= EXTRACTED ENTRIES =
########
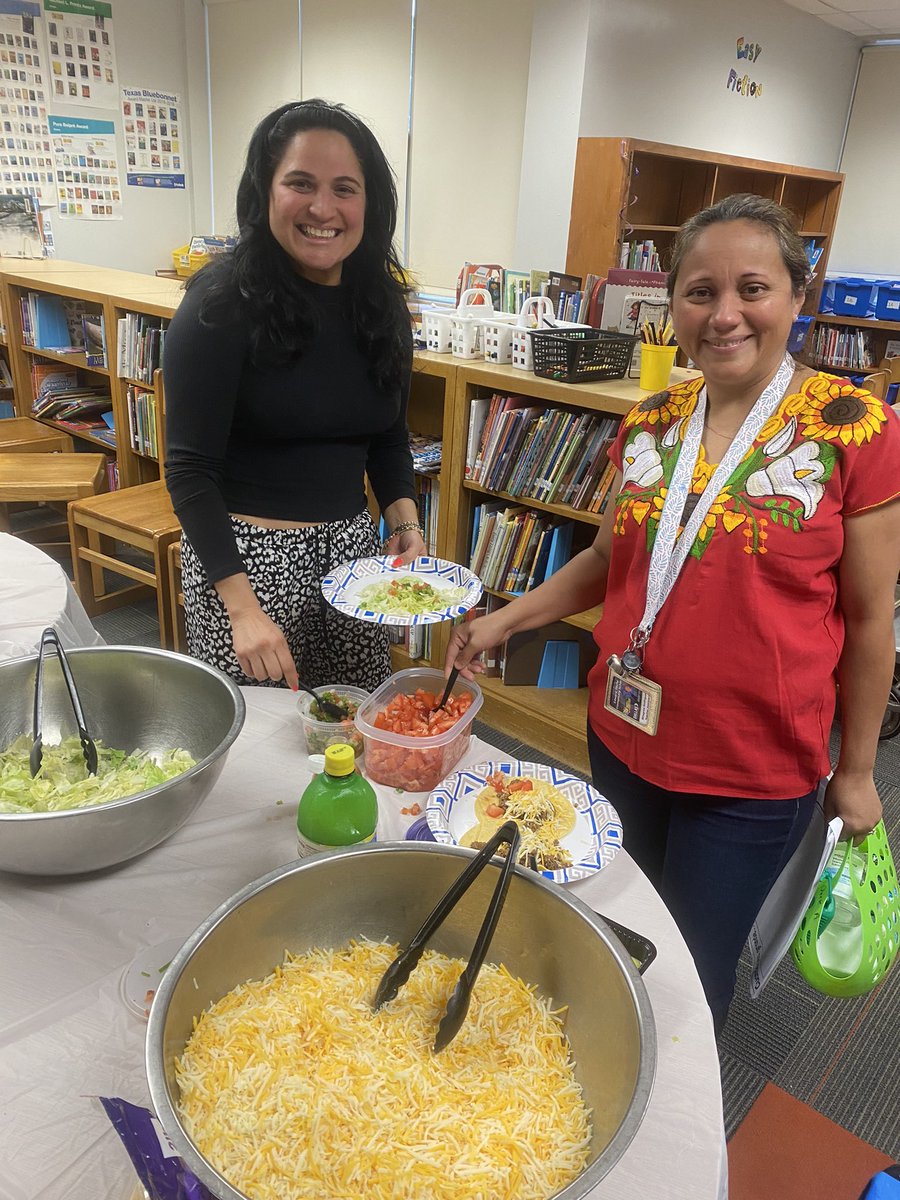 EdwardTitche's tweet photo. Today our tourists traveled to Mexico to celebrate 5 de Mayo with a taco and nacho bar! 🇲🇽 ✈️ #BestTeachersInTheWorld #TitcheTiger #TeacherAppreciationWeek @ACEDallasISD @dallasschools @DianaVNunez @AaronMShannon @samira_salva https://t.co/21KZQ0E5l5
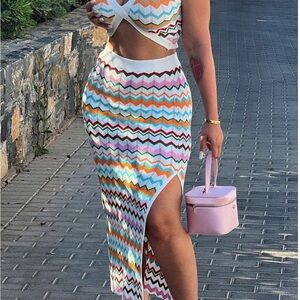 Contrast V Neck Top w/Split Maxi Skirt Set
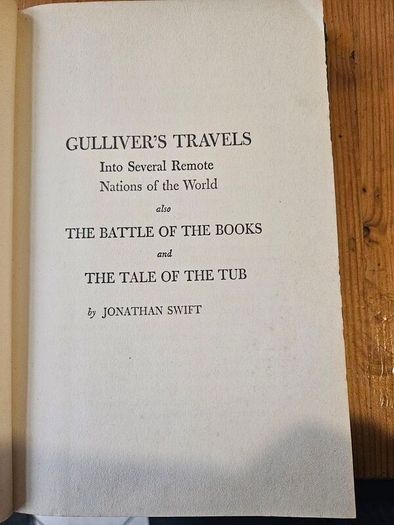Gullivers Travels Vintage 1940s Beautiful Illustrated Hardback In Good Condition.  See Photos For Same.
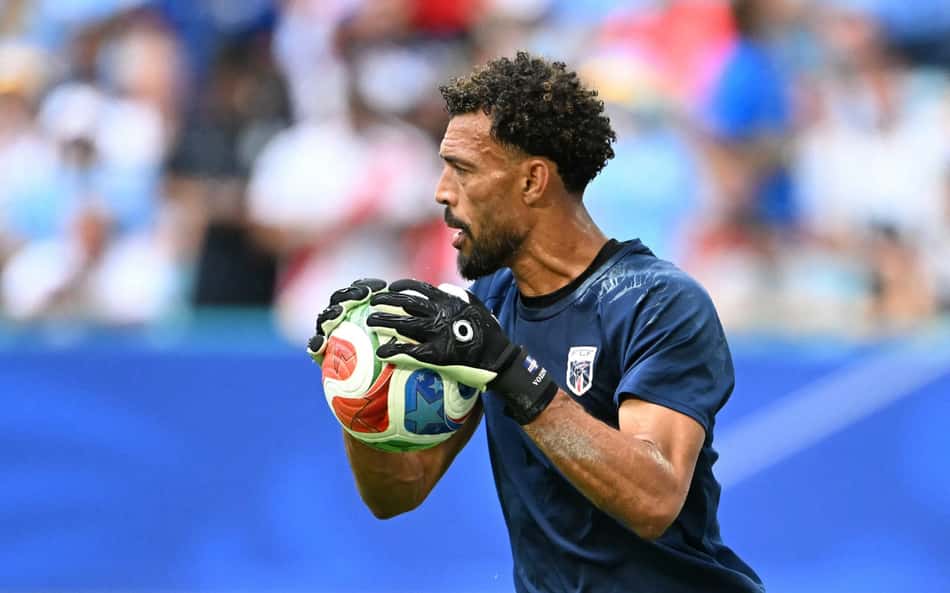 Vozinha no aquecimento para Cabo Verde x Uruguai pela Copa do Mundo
########
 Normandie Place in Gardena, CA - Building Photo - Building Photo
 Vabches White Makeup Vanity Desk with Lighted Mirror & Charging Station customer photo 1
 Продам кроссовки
########
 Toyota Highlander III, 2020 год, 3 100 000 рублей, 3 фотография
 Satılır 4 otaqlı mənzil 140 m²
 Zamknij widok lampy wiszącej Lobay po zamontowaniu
########
= DIRECTIONS =
From the records above, quote only the lines running from the line with "Vabches White Makeup" to the line with "Продам кроссовки", both lines included.

= ANSWER BOX =
 Vabches White Makeup Vanity Desk with Lighted Mirror & Charging Station customer photo 1
 Продам кроссовки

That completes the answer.